Roger Williams, who founded Rhode Island, believed that freedom of religion and political freedom were inextricably linked. Pagans, Jews, Turks and even anti-Christians should be given the freedom to worship as they wished, or not worship at all, he believed. Current public debates about the role of religion in public life go back to the conflict between Williams and the Massa­chusetts Puritans. The Puritans wanted to create a Christian commonwealth. Williams created a government that was based on the will of the people and didn't depend on God's blessing. Williams set the tone for the U.S. Constitution, which doesn't mention God or invoke God's blessings on the country (John M. Barry, author of Roger Williams and the Creation of the American Soul, in the Los Angeles Times, February 5).
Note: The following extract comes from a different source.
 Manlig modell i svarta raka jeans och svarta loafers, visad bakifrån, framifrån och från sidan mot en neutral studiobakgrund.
John M. Buchanan, editor/publisher of the Christian Century, has been named winner of the 2012 David Steele Distinguished Writer Award by the Presbyterian Writers Guild (PWG). "In recognizing John Buchanan, the Writers Guild is mindful of John's concise, yet often profound editorial columns in the Christian Century which have provided the church with continuing guidance and inspiration," said J. Barrie Shep­herd, chair of the PWG award committee. Buchanan retired from pastoral ministry at the end of January after 48 years—the last 26 at Fourth Presby­terian Church in Chicago. He continues to serve at the Century (PCUSA News).

Ecclesial spectacle

Like most presidents in the modern era, Harry Tru­man's church attendance while vice president and president was erratic. He didn't give advance notice of when or where he would attend, typically showing up just before the service began in order to minimize distractions. He wrote a note to the minister of the First Baptist Church in Washington that "it now re­quires so many people to get me around there is no pleas­ure in going anywhere." To the pastor of his home church, Grandview Bap­tist in Grandview, Missouri, he said: "I don't want people to come to church to see the president. They ought to go there to worship God" (David Holmes, The Faiths of the Postwar Presidents: From Tru­man to Obama, University of Georgia Press).
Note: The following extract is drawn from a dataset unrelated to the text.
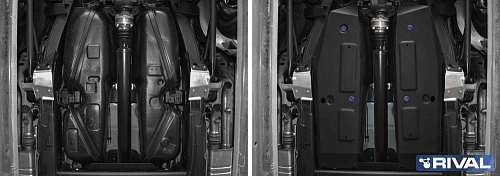 Защита топливного бака + комплект крепежа, Rival, Алюминий, Mercedes-Benz G-Class 2018-, V-4.0(421 л.с.); 4.0(585 л.с.); Черная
Last month a car drove through the front doors of the Happy Corner Church of the Brethren in Clayton, Ohio. The driver drove the car around the sanctuary, causing extensive damage. The driver then abandoned the car, which was thought to have been stolen (WDTN, January 19).

Haves and have-nots

Economist Richard Wolff says that both rich and poor Americans tend to think of themselves as middle class, but the middle class has nearly disappeared. The businesses that had success catering to the middle class in the past—Sears, for example—are having difficulty today. Upscale boutiques and high-end department stores at the one end and discount stores at the other end are doing well (The Sun, February).